Exercise description -> Return all of the following entries as written, but without the images.

Excerpted records ->
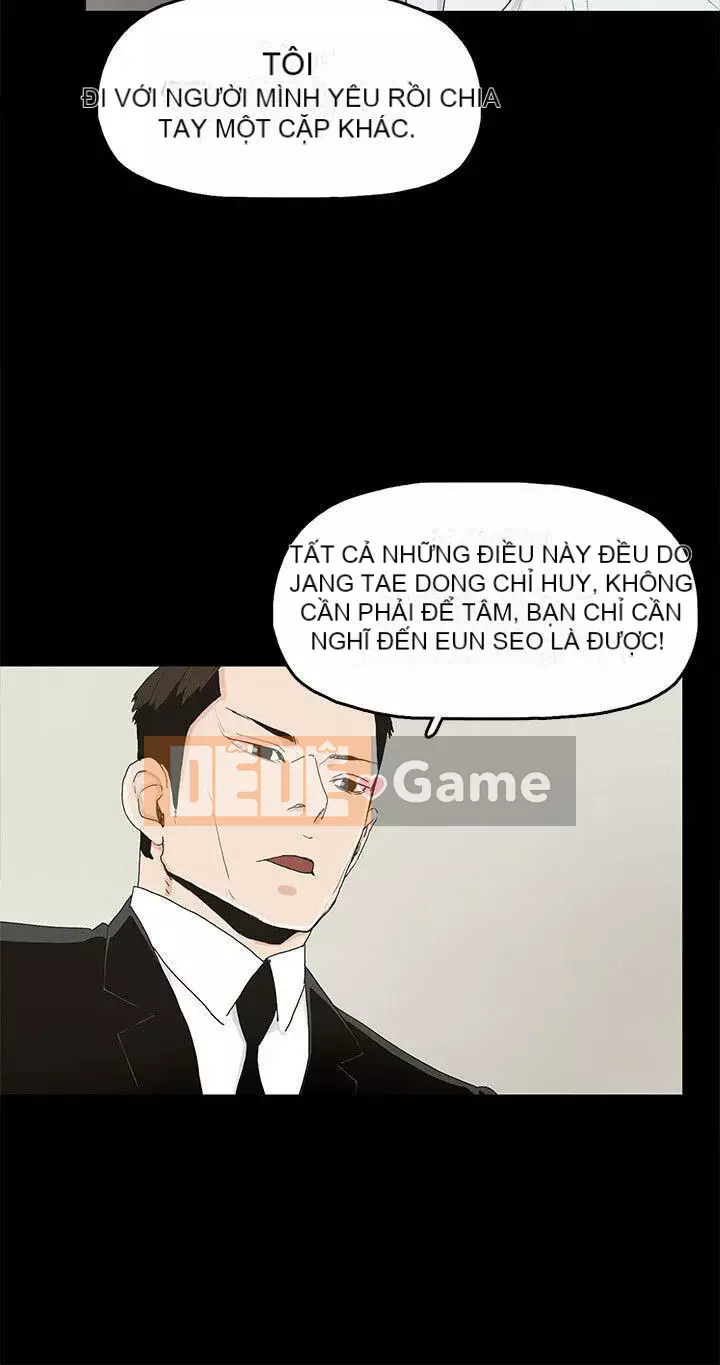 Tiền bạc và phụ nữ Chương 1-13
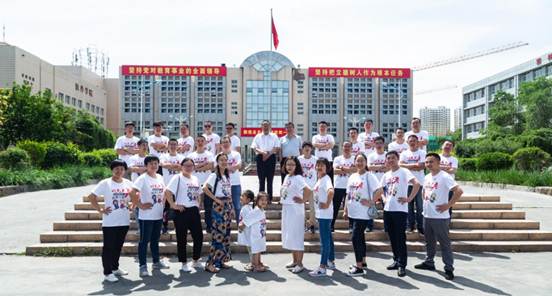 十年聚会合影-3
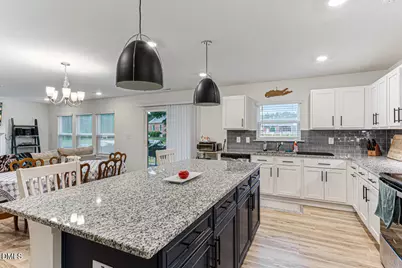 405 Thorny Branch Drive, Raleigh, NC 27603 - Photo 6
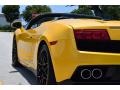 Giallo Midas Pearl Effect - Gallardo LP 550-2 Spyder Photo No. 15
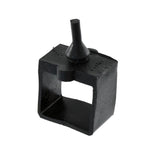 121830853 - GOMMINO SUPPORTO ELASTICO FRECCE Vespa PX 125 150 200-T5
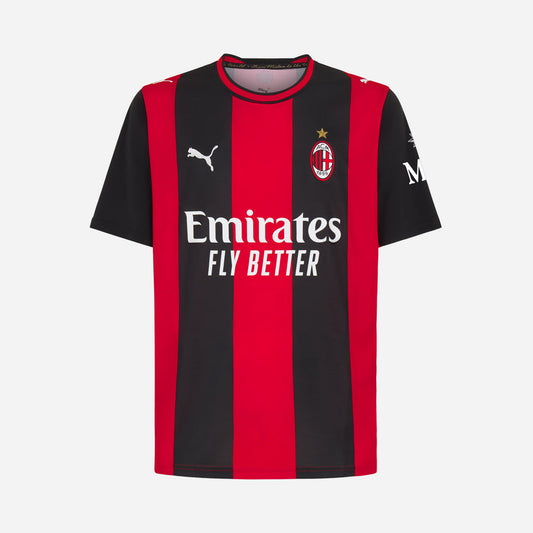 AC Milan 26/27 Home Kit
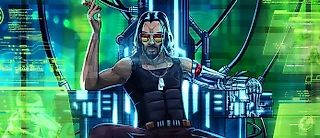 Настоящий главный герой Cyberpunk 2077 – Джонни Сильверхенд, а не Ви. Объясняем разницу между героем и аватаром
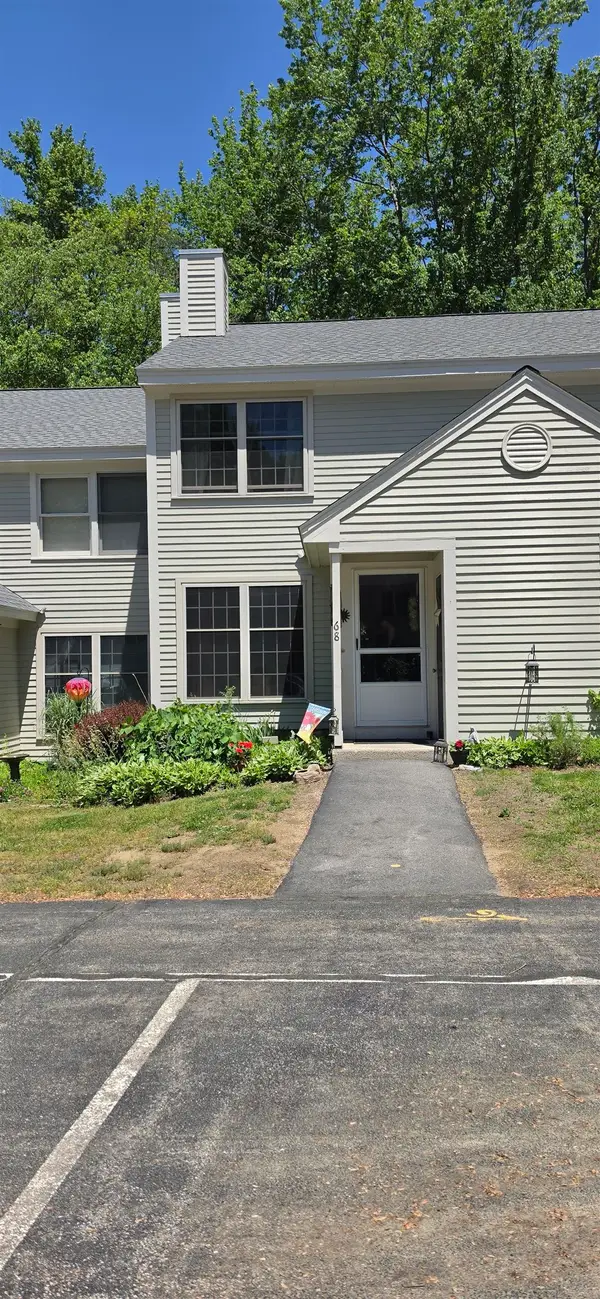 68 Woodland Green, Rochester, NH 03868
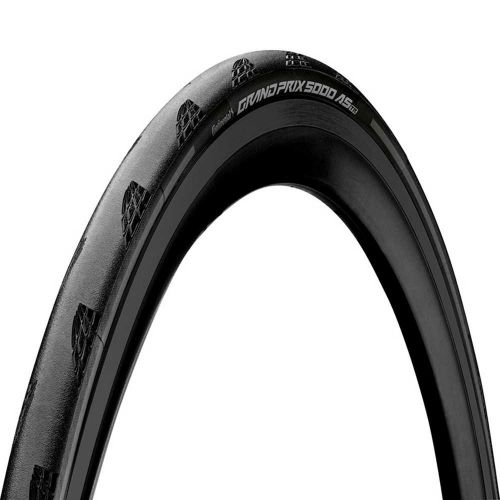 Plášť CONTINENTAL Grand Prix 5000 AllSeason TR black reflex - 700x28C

Answer section ->
 Tiền bạc và phụ nữ Chương 1-13
 十年聚会合影-3
 405 Thorny Branch Drive, Raleigh, NC 27603 - Photo 6
 Giallo Midas Pearl Effect - Gallardo LP 550-2 Spyder Photo No. 15
 121830853 - GOMMINO SUPPORTO ELASTICO FRECCE Vespa PX 125 150 200-T5
 AC Milan 26/27 Home Kit
 Настоящий главный герой Cyberpunk 2077 – Джонни Сильверхенд, а не Ви. Объясняем разницу между героем и аватаром
 68 Woodland Green, Rochester, NH 03868
 Plášť CONTINENTAL Grand Prix 5000 AllSeason TR black reflex - 700x28C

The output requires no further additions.